A big reason for that hope is the return of defensive end Greg Middleton. Middleton had a monster sophomore season as one of the best defensive ends in the country with 50 tackles and an eye-popping 16 sacks. We must be especially concerned about him in this year’s Bucket game, as he will be out to make his final game against coach Tiller a special one after the comments Joe made following his recruiting process. We certainly had enough trouble against him last year, so I can’t imagine facing him with any extra motivation. Over half of Indiana’s 31 sacks came from Middleton. He’ll be helped on the other end by Jammie Kirlew, who had a pretty good 2007 himself with 57 tackles and 4.5 sacks. Tackles Deonte Mack and Greg Brown also saw action, with Brown notching 50 tackles as a starter. This may be the best and most experienced defensive line the Hoosiers have ever had.

Will Patterson returns to anchor what is a pretty experienced linebacking corps. Patterson was second on the team with 104 tackles and also had a pair of sacks to go with an interception. It seems like he has been in Bloomington forever, but he’s only a junior with plenty of starting experience. He has plenty of size and is a speedy guy in the mold that coach Hep tried to create. Joining him at linebacker will be senior Geno Johnson and junior Matt Mayberry. Both played in all 13 games a season ago, so as a whole the defensive front seven has more experience than a number of teams. The two combined for 100 tackles a year ago.

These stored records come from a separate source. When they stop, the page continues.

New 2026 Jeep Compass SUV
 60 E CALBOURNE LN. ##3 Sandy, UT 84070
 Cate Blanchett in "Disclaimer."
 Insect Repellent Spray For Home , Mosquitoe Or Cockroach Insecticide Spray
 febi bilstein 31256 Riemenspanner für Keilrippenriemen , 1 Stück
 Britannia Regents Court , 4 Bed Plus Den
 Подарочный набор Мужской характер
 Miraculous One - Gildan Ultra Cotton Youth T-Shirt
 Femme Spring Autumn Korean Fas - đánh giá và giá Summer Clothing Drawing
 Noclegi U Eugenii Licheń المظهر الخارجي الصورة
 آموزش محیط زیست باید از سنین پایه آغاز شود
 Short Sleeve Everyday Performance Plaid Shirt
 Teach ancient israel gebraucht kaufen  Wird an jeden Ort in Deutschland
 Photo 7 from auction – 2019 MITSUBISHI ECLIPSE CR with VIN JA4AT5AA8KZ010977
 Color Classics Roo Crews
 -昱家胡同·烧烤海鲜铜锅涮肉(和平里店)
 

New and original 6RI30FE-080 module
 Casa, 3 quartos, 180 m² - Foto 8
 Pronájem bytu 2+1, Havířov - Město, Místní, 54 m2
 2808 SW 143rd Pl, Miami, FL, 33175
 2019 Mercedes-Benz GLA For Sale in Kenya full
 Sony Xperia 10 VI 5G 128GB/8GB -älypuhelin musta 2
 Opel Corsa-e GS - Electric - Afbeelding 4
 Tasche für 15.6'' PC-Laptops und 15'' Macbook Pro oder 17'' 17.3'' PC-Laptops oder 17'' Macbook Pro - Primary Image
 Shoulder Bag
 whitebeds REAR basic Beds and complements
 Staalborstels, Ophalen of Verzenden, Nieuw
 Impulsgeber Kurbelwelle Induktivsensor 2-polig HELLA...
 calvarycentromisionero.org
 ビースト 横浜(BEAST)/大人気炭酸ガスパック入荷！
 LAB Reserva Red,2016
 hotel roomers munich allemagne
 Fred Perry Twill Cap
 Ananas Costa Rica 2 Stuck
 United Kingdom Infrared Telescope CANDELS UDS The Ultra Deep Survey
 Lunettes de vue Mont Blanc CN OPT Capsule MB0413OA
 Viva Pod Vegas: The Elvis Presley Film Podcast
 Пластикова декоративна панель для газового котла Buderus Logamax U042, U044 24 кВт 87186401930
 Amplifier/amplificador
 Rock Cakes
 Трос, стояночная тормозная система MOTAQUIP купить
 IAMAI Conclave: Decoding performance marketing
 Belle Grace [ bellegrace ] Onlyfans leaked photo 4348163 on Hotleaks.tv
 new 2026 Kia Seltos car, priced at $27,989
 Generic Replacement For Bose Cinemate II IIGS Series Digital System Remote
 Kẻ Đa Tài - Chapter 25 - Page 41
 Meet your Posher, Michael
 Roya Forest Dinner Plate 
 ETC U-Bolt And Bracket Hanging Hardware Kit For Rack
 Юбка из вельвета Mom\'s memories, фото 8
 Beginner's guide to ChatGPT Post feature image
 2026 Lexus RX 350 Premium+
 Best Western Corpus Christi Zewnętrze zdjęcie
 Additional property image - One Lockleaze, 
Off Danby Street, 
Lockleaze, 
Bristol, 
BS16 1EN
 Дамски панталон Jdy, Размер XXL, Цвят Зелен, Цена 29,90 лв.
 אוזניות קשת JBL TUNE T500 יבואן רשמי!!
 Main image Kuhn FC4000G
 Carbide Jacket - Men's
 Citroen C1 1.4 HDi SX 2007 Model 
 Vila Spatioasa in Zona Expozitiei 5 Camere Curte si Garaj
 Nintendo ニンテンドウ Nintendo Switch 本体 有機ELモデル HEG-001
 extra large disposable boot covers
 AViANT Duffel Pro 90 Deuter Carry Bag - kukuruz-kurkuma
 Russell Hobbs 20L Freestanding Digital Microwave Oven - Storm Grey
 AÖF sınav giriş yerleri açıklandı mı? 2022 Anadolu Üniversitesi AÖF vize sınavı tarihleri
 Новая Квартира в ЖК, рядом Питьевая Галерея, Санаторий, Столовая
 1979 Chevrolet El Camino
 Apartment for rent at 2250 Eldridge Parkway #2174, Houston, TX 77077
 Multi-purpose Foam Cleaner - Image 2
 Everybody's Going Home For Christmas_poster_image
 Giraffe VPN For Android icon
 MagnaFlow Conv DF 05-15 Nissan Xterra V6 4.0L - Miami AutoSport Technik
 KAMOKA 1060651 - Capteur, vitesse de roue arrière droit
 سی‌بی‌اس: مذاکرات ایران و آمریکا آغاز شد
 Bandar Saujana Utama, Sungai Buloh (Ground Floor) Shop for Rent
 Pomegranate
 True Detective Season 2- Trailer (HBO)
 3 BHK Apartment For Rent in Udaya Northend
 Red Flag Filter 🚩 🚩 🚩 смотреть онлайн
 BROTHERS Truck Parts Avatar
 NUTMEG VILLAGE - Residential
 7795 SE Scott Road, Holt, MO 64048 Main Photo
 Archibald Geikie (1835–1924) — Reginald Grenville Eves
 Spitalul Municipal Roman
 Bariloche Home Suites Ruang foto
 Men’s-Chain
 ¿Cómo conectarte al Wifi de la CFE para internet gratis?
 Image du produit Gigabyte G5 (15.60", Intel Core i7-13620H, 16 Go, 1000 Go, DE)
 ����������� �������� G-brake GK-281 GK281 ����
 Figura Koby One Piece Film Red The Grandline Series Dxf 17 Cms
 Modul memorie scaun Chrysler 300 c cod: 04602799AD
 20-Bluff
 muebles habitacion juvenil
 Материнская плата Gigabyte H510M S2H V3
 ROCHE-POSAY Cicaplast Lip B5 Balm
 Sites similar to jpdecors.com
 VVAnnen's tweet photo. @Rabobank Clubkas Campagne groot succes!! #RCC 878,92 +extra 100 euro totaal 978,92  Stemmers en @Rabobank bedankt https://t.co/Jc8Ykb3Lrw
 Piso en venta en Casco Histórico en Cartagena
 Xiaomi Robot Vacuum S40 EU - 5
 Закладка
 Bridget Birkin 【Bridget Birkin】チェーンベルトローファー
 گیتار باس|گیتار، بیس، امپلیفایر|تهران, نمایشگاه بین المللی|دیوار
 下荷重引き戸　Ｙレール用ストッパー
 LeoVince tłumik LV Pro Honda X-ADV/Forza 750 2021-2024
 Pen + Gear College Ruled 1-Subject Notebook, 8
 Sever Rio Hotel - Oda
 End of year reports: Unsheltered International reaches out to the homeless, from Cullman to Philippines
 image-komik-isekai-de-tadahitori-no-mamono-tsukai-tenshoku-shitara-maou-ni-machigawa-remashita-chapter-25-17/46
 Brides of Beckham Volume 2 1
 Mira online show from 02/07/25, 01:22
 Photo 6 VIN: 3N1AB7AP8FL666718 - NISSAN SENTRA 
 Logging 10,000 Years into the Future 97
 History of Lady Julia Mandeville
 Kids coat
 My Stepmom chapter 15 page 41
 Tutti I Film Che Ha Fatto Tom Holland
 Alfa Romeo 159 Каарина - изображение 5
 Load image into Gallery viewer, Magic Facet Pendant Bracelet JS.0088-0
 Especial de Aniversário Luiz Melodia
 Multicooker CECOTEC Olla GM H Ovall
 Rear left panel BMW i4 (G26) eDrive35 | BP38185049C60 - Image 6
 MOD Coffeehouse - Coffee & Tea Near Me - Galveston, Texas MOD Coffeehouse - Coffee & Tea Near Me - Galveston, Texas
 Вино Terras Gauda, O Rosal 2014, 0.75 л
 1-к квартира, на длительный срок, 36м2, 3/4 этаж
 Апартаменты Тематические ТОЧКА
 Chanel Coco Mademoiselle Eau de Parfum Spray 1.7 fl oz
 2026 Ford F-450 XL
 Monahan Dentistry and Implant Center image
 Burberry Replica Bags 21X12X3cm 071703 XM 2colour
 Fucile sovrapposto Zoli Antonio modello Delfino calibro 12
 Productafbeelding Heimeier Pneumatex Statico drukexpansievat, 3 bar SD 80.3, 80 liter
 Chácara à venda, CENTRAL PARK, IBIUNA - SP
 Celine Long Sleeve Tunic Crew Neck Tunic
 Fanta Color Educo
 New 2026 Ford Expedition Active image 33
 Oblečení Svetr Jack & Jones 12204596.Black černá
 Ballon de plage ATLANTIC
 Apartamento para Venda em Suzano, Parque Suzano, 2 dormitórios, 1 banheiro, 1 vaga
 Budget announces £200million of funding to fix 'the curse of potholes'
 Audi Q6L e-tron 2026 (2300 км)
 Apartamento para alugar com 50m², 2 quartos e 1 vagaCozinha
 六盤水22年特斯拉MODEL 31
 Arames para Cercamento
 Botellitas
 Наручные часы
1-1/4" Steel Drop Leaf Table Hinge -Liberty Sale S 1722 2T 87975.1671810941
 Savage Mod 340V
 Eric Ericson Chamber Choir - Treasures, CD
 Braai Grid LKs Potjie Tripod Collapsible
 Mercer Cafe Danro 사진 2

Where Indiana faces a number of questions on the defensive side of the ball is the secondary, where both starting corners must be replaced. Considering that Indiana had some pretty good talent there, it is not an easy fix. Tracy Porter took his team high six interceptions to the NFL as a second round pick, while Leslie Majors is also gone. That leaves senior Chris Phillips and junior Bruce Hampton as the likely starters. Phillips only had 12 tackles a year ago, but notched three interceptions in more of a nickel back role. Hampton did not notch any defensive statistics, so you can bet he will be picked on early and often. Safeties Austin Thomas and Nick Polk were two of Indiana’s top five tacklers last season, giving the Hoosiers eight returning starters on the defensive side of the ball. Thomas led the Hoosiers with 112 stops, while Polk hade 74. Both will need to maintain this high level of play as the corners adjust to their starting roles.

Indiana Special Teams

Austin Starr was one of the best kickers in the nation a year ago. He only missed a pair of field goals all season, with one of them coming in the Bucket game against us. Unfortunately, his longest kick of the season was the 49-yarder that gave the Hoosiers the Bucket for the first time since 2001. He was 21 of 23 on the season, and is one of the favorites to take home the Groza award in 2008. He is also a solid kickoff specialist with 15 touchbacks and holding opponents to a 22 yard return average. Considering the Hoosiers gave up a touchdown return a season ago, those are good numbers.

Redshirt freshman Chris Hagerup will move into the punter’s role after Michael Hines graduated. He only had a 39 yard average per kick, so this is an even bigger question mark now. Fortunately coverage was not an issue on punts for the Hoosiers as they gave up less than 6 yards per return. Speaking of the return game, the Hoosiers have a dangerous one with Thigpen slated to return kicks. He didn’t take one to the house last year, but he had several in 2006. He will be dangerous any time he touches the ball in space. Ray Fisher will likely return punts.


There is no doubt the overall talent level has improved in Bloomington. Now that Indiana has finally broken through and made it to the postseason they will have loads of confidence that was missing before. You could see that in 2006 when a bowl game was in sight before a three game losing streak to finish the season delayed it by a year. Indiana knows it can make the postseason now, and with the experience they have plus an easy schedule the potential is there for a great year. I do not see why so many are underestimating this team especially with the experience back on the defensive side of the ball.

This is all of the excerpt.